What happens when we overlay the commitment curve (and its associated ‘zones’) with dynamic token bonding curves? We get an objective snapshot of a member’s commitment over time.

Previously we put forward the case for using individual dynamic bonding curves for each token holder. This resulted in a few important properties which are best highlighted with the following examples (as shown in the top right graph):

  1. Person A (blue line): Early contributors to the community would be rewarded, but the value of those rewarded tokens would reduce over time, if those early contributors became less active in the community.
  2. Person B (red line): A regular contributor would continually earn more tokens over time, with each successive token making all their individual tokens worth more, incentivising them to continue to contribute more as long as they truely believed in the community.
  3. Person C (brown line): A periodic contributor would earn tokens according to when they were active in the community, therefore their contributions would still be recognised even if they stopped contributing for a few months.

In the above scenarios, the ‘worth’ of the tokens can be either economic (e.g. have some dollar value) or non-economic (e.g. only have value within that community, such as allowing entry into an event). This is discussed in detail later.

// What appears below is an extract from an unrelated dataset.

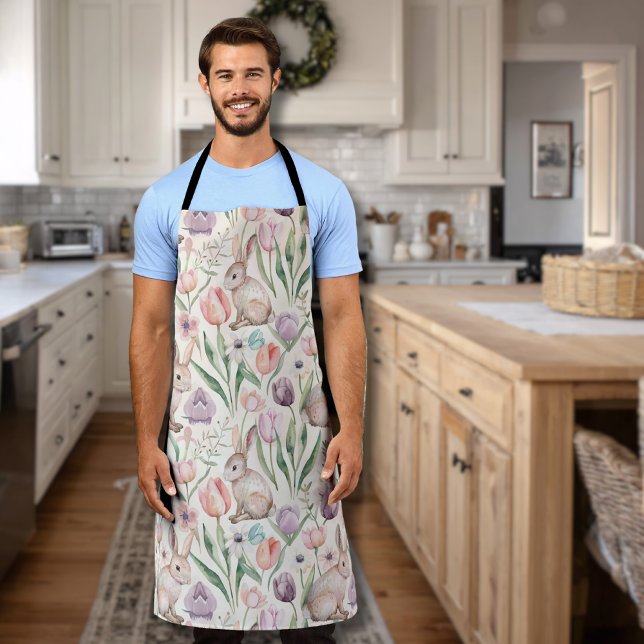 Cute Gray Bunny with Colorful Tulips Apron (Creator Uploaded)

When we overlay the dynamic token bonding curve graphs with the ‘Commitment Curve’, we see that the bands for each commitment zone still apply. This creates an objective indicator for where a member is at anytime in the ‘Commitment Curve’. In other words, the number of tokens a member has in proportion to the token supply is a good proxy for a member’s community engagement. This enables community leaders to customise certain activities to ensure members are continually moving up the ‘Commitment Curve’, helping to create an objective measure of community engagement on all levels of the community.

The rest of this post will go into more details on the problems the Khana framework solves for community leaders.

Problem 1: Lack of participation or engagement in communities

Many communities suffer from a lack of participation from members — this can be easily seen from groups with thousands of members, but only a handful of active participants. For these communities, the handful of active participants are mostly intrinsically motivated, so will not feel the need to earn tokens for their contributions.

However if these members no longer receive their intrinsic rewards, then they will burn out and stop participating. These intrinsic rewards are specific to each individual, and can range from their alignment with the core value proposition of the community, or how much they feel they belong to the community. We therefore believe it is important to ensure all current and future members are highly aligned to the health and growth of the community, to ensure these core intrinsically motivated members remain active contributors.

For the extrinsically motivated or passive members (those who only consume and do not contribute), we believe we can increase their participation and convert them to active members by incentivising them with both non-economic and economic community tokens, explained below.

Non-economic tokens

For community tokens with no economic value, the community leaders can create significant social value within them. For example, community leaders could create a VIP member tier which gives access to invite only events. To become a VIP member, members need to earn at least 1000 tokens from contributing to the community.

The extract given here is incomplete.